BEGIN Data excerpts
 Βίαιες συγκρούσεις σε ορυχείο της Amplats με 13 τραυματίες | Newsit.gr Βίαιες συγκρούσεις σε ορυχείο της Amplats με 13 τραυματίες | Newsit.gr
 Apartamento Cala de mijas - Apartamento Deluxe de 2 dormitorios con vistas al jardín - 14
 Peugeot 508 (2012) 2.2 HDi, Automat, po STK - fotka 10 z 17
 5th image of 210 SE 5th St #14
END Data excerpts
BEGIN Data excerpts
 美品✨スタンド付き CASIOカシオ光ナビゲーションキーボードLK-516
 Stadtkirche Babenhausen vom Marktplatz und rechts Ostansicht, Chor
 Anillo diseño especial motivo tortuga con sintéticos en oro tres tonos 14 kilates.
END Data excerpts
BEGIN Data excerpts
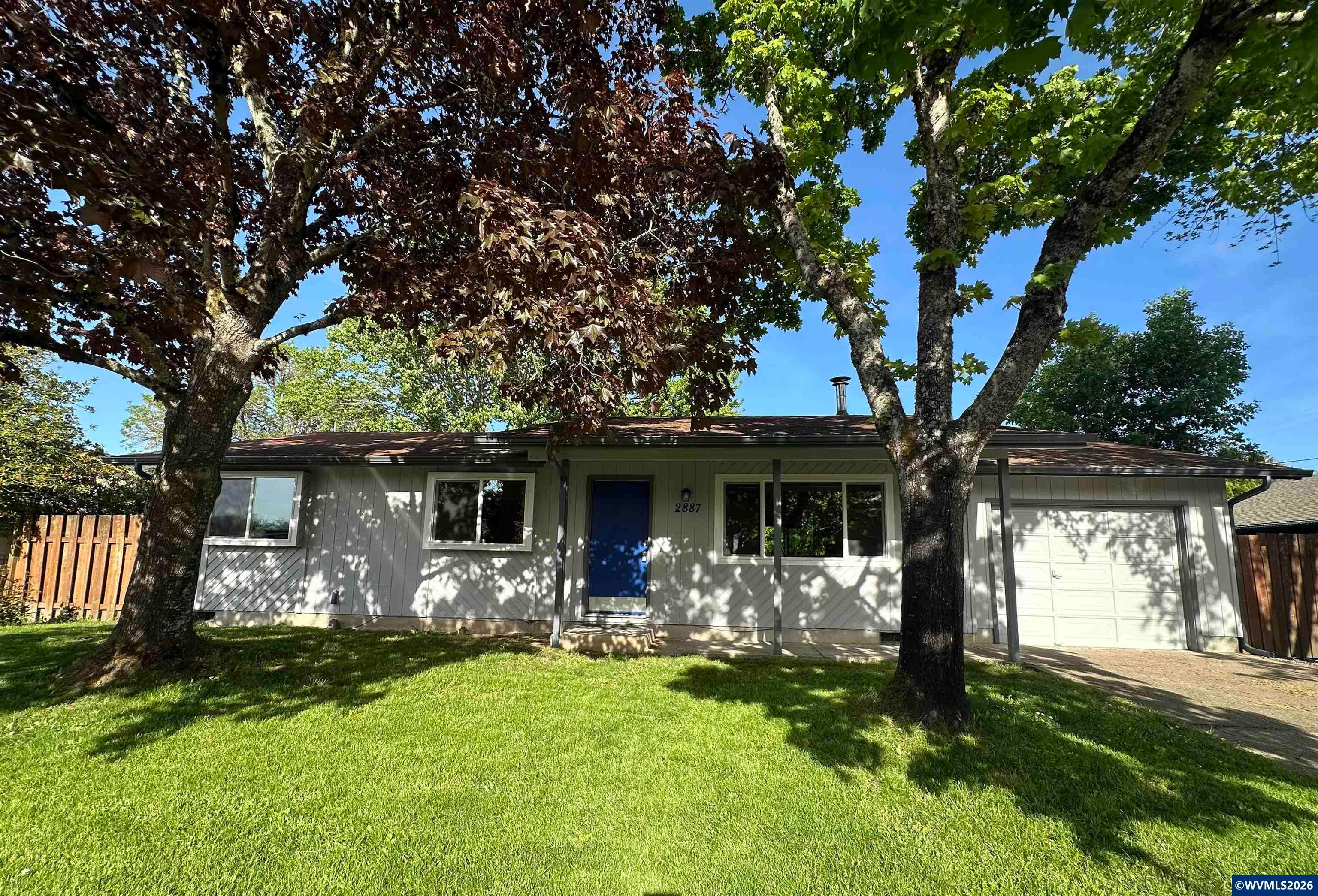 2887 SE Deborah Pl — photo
END Data excerpts
* _Your goal_: Copy verbatim, from the listing above, each line from the one containing "Apartamento Cala de" down to the one containing "5th image of 210 SE 5th St #14", inclusive.

* _Your solution_:
 Apartamento Cala de mijas - Apartamento Deluxe de 2 dormitorios con vistas al jardín - 14
 Peugeot 508 (2012) 2.2 HDi, Automat, po STK - fotka 10 z 17
 5th image of 210 SE 5th St #14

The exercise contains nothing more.